- Location of Woodworth in Rapides Parish, Louisiana.
- Location of Louisiana in the United States
- Coordinates: 31°09′50″N 92°30′09″W﻿ / ﻿31.16389°N 92.50250°W
- Country: United States
- State: Louisiana
- Parish: Rapides

Area
- • Total: 8.89 sq mi (23.02 km^{2})
- • Land: 8.88 sq mi (23.01 km^{2})
- • Water: 0.0039 sq mi (0.01 km^{2})
- Elevation: 102 ft (31 m)

Population (2020)
- • Total: 1,762
- • Density: 198.3/sq mi (76.58/km^{2})
- Time zone: UTC-6 (CST)
- • Summer (DST): UTC-5 (CDT)
- ZIP code: 71485
- Area code: 318
- FIPS code: 22-83125
- GNIS feature ID: 2406916
- Website: townofwoodworth.com

= Woodworth, Louisiana =

Woodworth is a town in Rapides Parish, Louisiana, United States. It is part of the Alexandria, Louisiana Metropolitan Statistical Area. As of the 2020 census, Woodworth had a population of 1,762.
==History==

Woodworth was established in 1942 under the Lawrason Act.

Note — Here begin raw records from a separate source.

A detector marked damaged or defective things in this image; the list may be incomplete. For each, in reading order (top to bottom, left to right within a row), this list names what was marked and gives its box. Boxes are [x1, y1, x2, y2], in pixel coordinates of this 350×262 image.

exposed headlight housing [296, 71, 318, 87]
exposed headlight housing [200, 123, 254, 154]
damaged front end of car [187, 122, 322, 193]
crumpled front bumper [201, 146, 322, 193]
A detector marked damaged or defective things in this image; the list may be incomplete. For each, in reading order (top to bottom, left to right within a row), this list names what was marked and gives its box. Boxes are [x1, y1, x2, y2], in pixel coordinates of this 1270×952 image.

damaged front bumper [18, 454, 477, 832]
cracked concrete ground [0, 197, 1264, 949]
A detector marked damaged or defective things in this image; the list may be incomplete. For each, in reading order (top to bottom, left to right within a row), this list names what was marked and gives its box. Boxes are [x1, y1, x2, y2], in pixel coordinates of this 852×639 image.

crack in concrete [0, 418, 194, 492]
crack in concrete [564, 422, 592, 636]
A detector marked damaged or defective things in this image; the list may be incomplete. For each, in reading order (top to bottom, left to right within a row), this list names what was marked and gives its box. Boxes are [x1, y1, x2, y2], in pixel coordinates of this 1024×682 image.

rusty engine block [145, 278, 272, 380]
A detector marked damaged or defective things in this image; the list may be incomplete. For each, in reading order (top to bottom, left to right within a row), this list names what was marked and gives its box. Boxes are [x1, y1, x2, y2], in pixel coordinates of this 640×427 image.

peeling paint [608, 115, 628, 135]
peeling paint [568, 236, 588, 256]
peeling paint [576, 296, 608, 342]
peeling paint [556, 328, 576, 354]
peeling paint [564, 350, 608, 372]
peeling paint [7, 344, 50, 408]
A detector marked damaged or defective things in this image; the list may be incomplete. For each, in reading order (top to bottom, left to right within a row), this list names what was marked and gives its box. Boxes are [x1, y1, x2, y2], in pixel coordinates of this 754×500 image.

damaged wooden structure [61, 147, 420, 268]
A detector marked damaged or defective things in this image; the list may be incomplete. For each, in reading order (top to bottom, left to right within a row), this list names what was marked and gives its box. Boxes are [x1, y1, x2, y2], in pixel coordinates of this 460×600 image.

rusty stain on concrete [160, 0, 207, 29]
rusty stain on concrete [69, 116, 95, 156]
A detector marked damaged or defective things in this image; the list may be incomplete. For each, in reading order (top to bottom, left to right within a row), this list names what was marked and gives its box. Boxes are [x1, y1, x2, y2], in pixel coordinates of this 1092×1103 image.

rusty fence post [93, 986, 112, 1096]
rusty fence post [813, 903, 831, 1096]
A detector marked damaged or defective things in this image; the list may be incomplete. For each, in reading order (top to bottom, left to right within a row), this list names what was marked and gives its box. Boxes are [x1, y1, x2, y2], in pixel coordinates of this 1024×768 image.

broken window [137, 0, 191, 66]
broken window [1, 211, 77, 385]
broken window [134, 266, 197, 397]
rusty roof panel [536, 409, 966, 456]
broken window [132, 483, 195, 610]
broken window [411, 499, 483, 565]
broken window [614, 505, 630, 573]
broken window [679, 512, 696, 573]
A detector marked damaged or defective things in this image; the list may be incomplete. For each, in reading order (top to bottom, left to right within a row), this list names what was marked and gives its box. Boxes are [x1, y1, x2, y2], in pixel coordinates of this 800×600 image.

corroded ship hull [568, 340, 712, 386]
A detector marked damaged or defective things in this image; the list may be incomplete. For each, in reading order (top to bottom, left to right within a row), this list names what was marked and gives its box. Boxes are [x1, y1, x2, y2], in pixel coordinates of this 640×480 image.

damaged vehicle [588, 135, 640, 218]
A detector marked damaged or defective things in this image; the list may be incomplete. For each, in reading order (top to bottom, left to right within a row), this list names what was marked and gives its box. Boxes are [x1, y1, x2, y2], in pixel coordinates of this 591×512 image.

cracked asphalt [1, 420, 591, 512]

The town began with a small population in the 1880s with the first significant resident being George Hendricks from Arkansas who allegedly built a rice farm in the village, but later found himself unsuccessful and left.

The town's growth did not yet stop, as a businessman named John McEnery came from New Orleans and brought his railroad company (New Orleans Pacific Railroad) with him. McEnery did not have this land for long however as he later sold it, and on November 25, 1890, the 18,000 acres of land were sold to three people: C. E. Roberts, C. S. Woodworth, and Ed Rand all of whom were from neighboring state of Texas. The three men had yet to explore this land but established the Rapides Lumber Company in the village, constructing a sawmill. The name of this town originates from C. S. Woodworth’s name of whom the company decided the community should be named after.`

Soon after the sawmill was constructed, a Missouri located company bought out positions of the lumber company being those held by C. S. Woodworth and C. E. Roberts, but Rand kept his position. Because of these transfers, the company was renamed to the Long-Bell Lumber Company of Woodworth. By the early 1900s, the town of Woodworth had reached a population of roughly 1,000, while continuous expansion of the town's businesses and services began, which oversaw the construction of churches and commercial businesses in the town. As this happened, the first Catholic Church was constructed in Woodworth after Bishop Van de Ven blessed a chapel in the town. The land where this chapel was had later been owned by Richard and Edward Butler, which then was passed over to Henry Butler on November 19, 1908. On June 15, 1911, the 2-acre land was finally inherited by Bishop Van de Ven. The Butler family is related to the current leading Woodworth political family, the Butlers. The Butler family is currently overseeing David Butler as mayor of the town.

As this church continued to grow, so did the population. The Catholic Church invited the large Catholic population of Rapides Parish towards Woodworth after the exponential growth of the sawmill. This also attracted a certain Catholic family, the Moore family, which was a family consisting of a former slave and the descendants of the freed slave. Alvah Joseph Moore moved to the town in the early 1900's, and was a prominent saw mill operator and musician who played in the Woodworth Band. Moore and his family wrote recollections of the era in Woodworth and their life in the town. During the period of Catholic migration to the town, the Ku Klux Klan also rose to prominence in the town, as conflicts between the two groups began arising in the town, which eventually was put to a stop after the sawmill company intervened.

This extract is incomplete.